Unfortunately, legislation affecting the keeping of reptiles (and many other animals) is being proposed at all levels of government from federal and state, to county, municipality, or village and township. Oftentimes, some sort of publicized incident or escape of a reptile or other “exotic” animal is usually enough to initiate a response by local officials to consider an ordinance. Regardless of how commonplace they actually are, these types of incidents are often reported on in local news media, but ordinances that come of them seldom are.
Unfortunately, it is often difficult to monitor or catch everything which may be being proposed at the local level in every body of local government unless there is someone who is diligent and has been paying attention in their local area. This is why we require the help and participation of everyone in tracking local ordinances. It is up to herpers and other stakeholders to make their voices heard. Local and elected officials often cannot be counted upon to spend the time examining the implications of these types of ordinances themselves or to notify affected stakeholders. Oftentimes, it is simply a matter of educating the appropriate board and other council members, just as with other members of the community (some, for example, may not even be aware that most pet stores now carry reptiles & their supplies, or that reptiles are now widespread pets in over 13 million households). Without hearing from their constituents, most elected officials will simply assume the ordinance will have no impact, or only a very small impact, and tend to pass them unopposed and undetected.
To Monitor for Local Ordinances in Your Community, Check:
Most have meeting agendas posted beforehand both at city/village halls, and online through the governing body’s respective website. This requires getting to know regular meeting schedules for the Common Council. Oftentimes, the process may be two pronged, with a preceding committee proposing, discussing, and making changes to an ordinance before it is presented to the Common Council. Both types of committees are typically open to the public. The exact committees that handle reptile and exotic animal ordinances vary from community to community, but in most cases, it is a public health, safety, licensing & ordinance, or similar committee. **Make a bookmark or desktop shortcut to your community’s relevant upcoming city council or other committee agendas. This way, they can be very quickly accessed and remembered.** Unfortunately, unlike state legislatures or other state and federal agency websites, local governments usually do not have specific ordinance or legislation notification services, but may still have the option to sign up for email notifications for specific committee meetings and hearings. Local and municipal agendas and minutes are also often posted and updated regularly at your local city hall and other community centers as well. Some communities, depending on their size and population, may also have legislative rosters of ordinances and resolutions currently being considered, and/or other separate legislative action centers online.
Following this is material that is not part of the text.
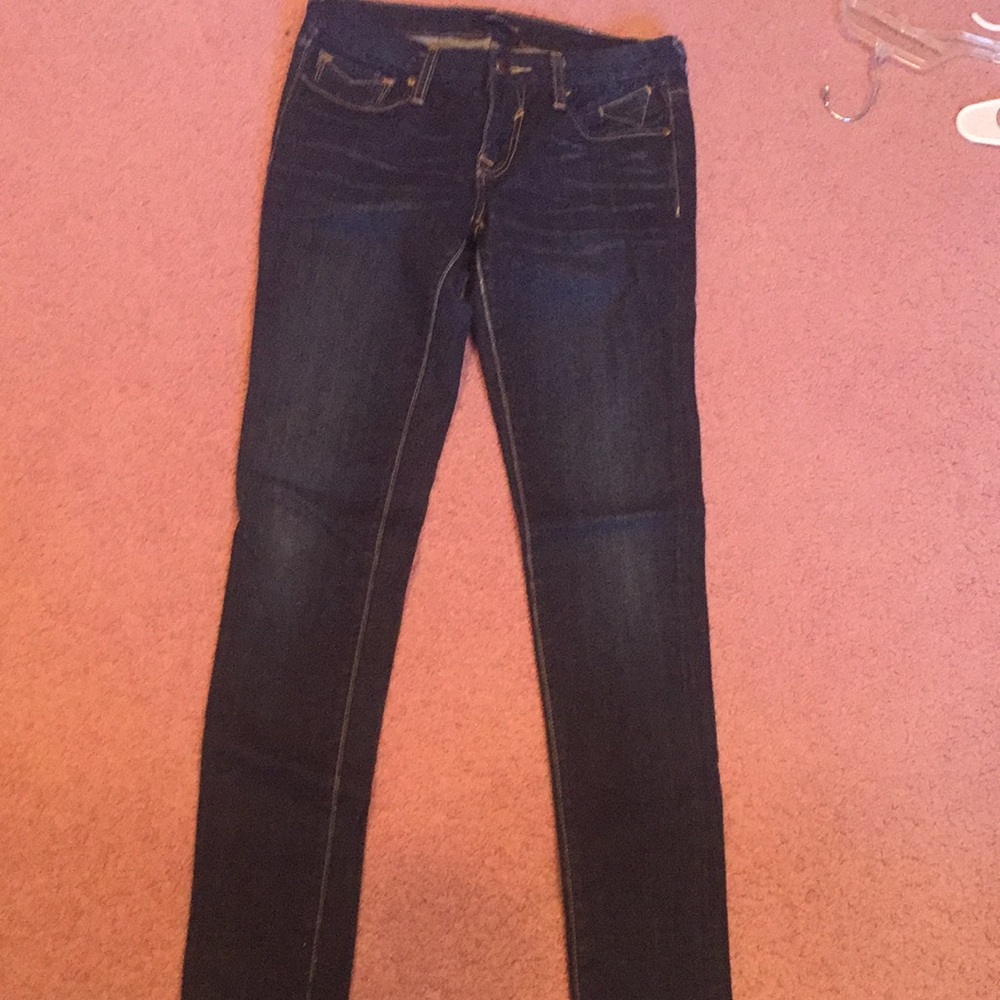 Skinny jeans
Any state without Dangerous Wild Animal legislation and/or anti reptile legislation already in place can certainly be expected to be a target for anti pet organizations. Other states may still be subject to, or vulnerable to further legislation or rule changes as well. All state legislature websites have a variety of search options and features to find proposed legislation for current and past legislative sessions. Many states also have email and IM legislative notification and tracking services using keywords, subjects, bill numbers (once known), and others.
Becoming familiar with the local, state, and even federal legislative and regulatory processes, schedules, and commonly used terms and definitions can also be of benefit as well. These processes may vary somewhat depending on the area one lives in and the nature of government, but oftentimes is generally similar. Many local and state guides and resources are published on how you can become more politically active and involved, and can be found online or available by request.
USARK and PIJAC are the only reliable national trade association organizations representing pet owners, breeders, hobbyists, veterinarians, and many other sectors involved with reptiles and amphibians. Sign up for USARK’s and PIJAC’s free email list to stay up to date on news, information, and action items affecting herpetoculture on their website and on Facebook at http://pijac.org/
Many states have local, state, and/or regional herpetological societies or other state level organizations with the same or similar missions and functions as USARK. Sign up to become an active member and participant for one or more of these organizations that may be in your area.
-All of these secondary aggregator sources rely on, and need *YOUR* help in monitoring for, and fighting local and state ordinances. They can’t do it all themselves or monitor for legislation in every city, county, or municipality.
-Don’t assume that someone else is already aware, that someone else is taking care of it, or that the species you keep or have an interest in will not be affected. Chances are, none of these will be the case! Remember, each one of us is USARK.
-Before raising the alarm, be sure the source of information is reliable and accurate. Reliable sources include a news article with mention of a proposed ordinance, a post or form of proposed legislation or ordinance on a government website, or personal contact/communication with legislators or local officials.
-Once an ordinance or bill is confirmed, spread the word by informing USARK and/or another secondary source listed above with as much information as possible.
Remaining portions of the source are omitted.